**Unsolved multimagic problems**

A lot of multimagic problems are not yet solved, that's why this subject is interesting and motivating. The goal is mainly to get the maximum of characterics in the minimum of space. "What is the smallest possible xxx" and "Who will be the first to yyy" are the favorite questions.

Here is a partial list. If you have some results on an unsolved multimagic problem, send me a message! I will be pleased to add your results in this web site.

**Multimagic squares using distinct integers**

- What is the smallest possible bimagic square
using distinct integers? The
orders 3 and 4 are proved impossible, and the order 8 is the mimimum order
allowing normal bimagic
squares (normal = using consecutive integers). Who will be the first to construct a non-normal bimagic square
of order 5, 6 or 7? (non-normal = using distinct integers). Or prove that it is impossible to construct such squares.
Examples
of order 6 found in February 2006 by Jaroslaw Wroblewski. Examples
of order 7 found in May 2006 by Lee Morgenstern.
**Order 5 still unknown!** - What is the smallest possible trimagic square using distinct integers? The orders 3 and 4 are proved impossible, and the order 12 is the mimimum order allowing normal trimagic squares (normal = using consecutive integers).

**Normal multimagic squares (using consecutive integers)**

- Who will be the first to mathematically prove that a bimagic square of order 7 using consecutive integers is impossible? Mathematical proofs exist for the impossibility of bimagic squares of orders < 7, but today the non-existence of a bimagic square of order 7 is “only” a computing result.
- Who will be the first to construct a pandiagonal bimagic square, with all its broken lines bimagic. None is known. Or who will be the first to prove that such a square is impossible? Solved in February 2006 by Su Maoting (order 32). Hence, new problem:
- Is it possible to construct a pandiagonal bimagic square of order < 32?
- Who will be the first to construct a trimagic square of order 13 or 15? None is known. Or prove that it is impossible to construct such squares. The smallest possible trimagic square is of order 12. Trimagic squares of order 14 are impossible.
- What is the smallest possible tetramagic square? The orders < 20 are impossible, and the smallest known tetramagic square is of order 243. Who will be the first to construct a tetramagic square of order < 243?
- What is the smallest possible pentamagic square? The orders < 20 are impossible, and the smallest known pentamagic square is of order 729. Who will be the first to construct a pentamagic square of order < 729?
- What is the smallest possible hexamagic square? The orders < 20 are impossible, and the smallest known hexamagic square is of order 4096. Who will be the first to construct an hexamagic square of order < 4096?
- What are the numbers of trimagic series for squares of order 19 and above?
- What are the numbers of tetramagic series for squares of order 19 and above?
- What are the numbers of pentamagic series for squares of order 20 and above?
- What is the smallest order allowing hexamagic series? The smallest current candidates are orders 27 and 40.

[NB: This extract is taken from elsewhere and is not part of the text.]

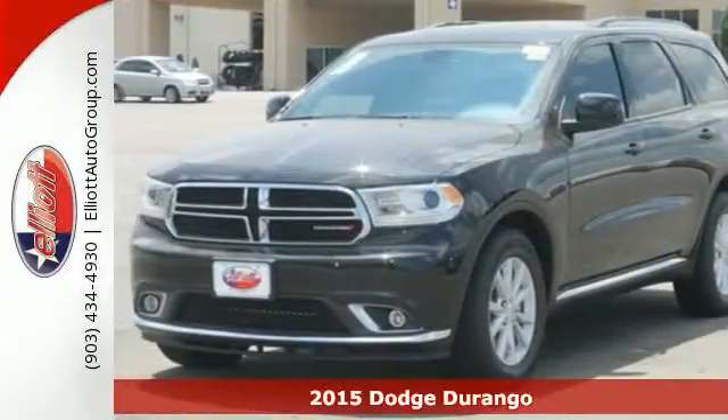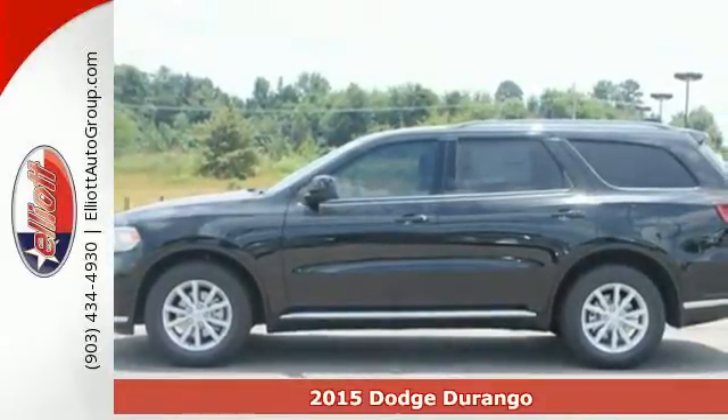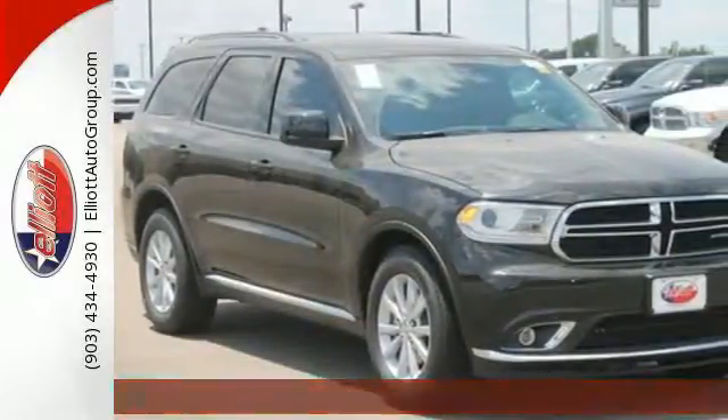Here's a 2015 Dodge Durango. With power and efficiency that leads the pack, you can get at the day and go the extra mile with ease.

**Multimagic series for squares**

**Multimagic cubes and hypercubes**

- What is the smallest possible bimagic cube? The orders < 8 are proved impossible, and the smallest known bimagic cube is of order 16. Who will be the first to construct a bimagic cube of order < 16?
- What is the smallest possible perfect bimagic cube? The orders < 8 are proved impossible, and the smallest known bimagic perfect cube is of order 32. Who will be the first to construct a perfect bimagic cube of order < 32?
- What is the smallest possible bimagic hypercube? The smallest known bimagic hypercube (dim 4 = tesseract) is of order 32. Who will be the first to construct a bimagic hypercube of order < 32?
- What are the numbers of bimagic series for cubes of order 14 and above?
- What are the numbers of trimagic series for cubes of order 11 and above?
- What is the smallest order allowing tetramagic series? The smallest current candidate is order 13.

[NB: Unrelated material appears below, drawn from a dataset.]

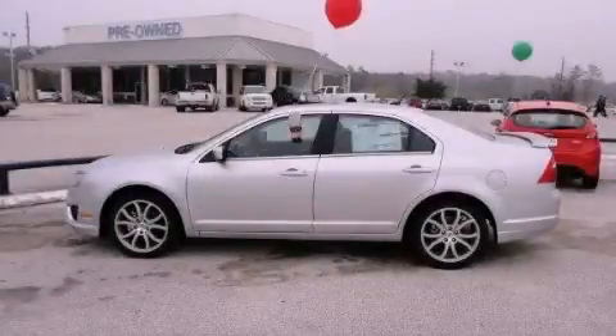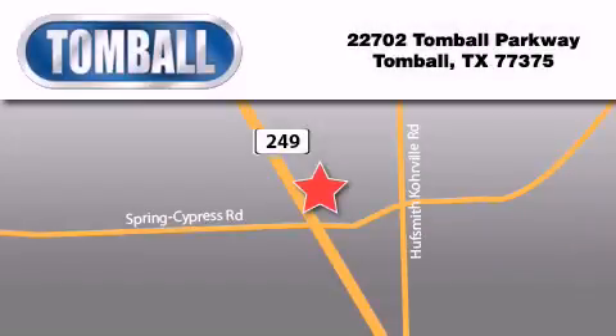Call or visit us right now and arrange your test drive today. Tomball Ford is located at 22702 Tomball Parkway in Tomball. Our goal is to exceed all of your expectations to ensure that you'll return for future visits.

**Multimagic series for cubes**

- Is it possible to construct additive-multiplicative magic squares of orders <= 7? Not solved, but first add-mult magic square of order 7 by Sébastien Miquel in August 2016. Orders 5 and 6 still unknowns. (Equivalent to Enigmas 6 and 6a)
- Is it possible to construct better pandiagonal multiplicative magic squares of orders >= 6?
- Construct the lists of the smallest possible products of multiplicative magic squares of orders 8 and above. Lists of orders from 3 to 7 already done.
- What are the smallest possible maximum numbers of multiplicative magic squares of orders 8 and above? Smallest possible max nbs of orders 3 to 7 already known.
- What are the smallest possible magic products of multiplicative magic squares of orders 10 and above? Smallest possible products of orders 3 to 9 already known.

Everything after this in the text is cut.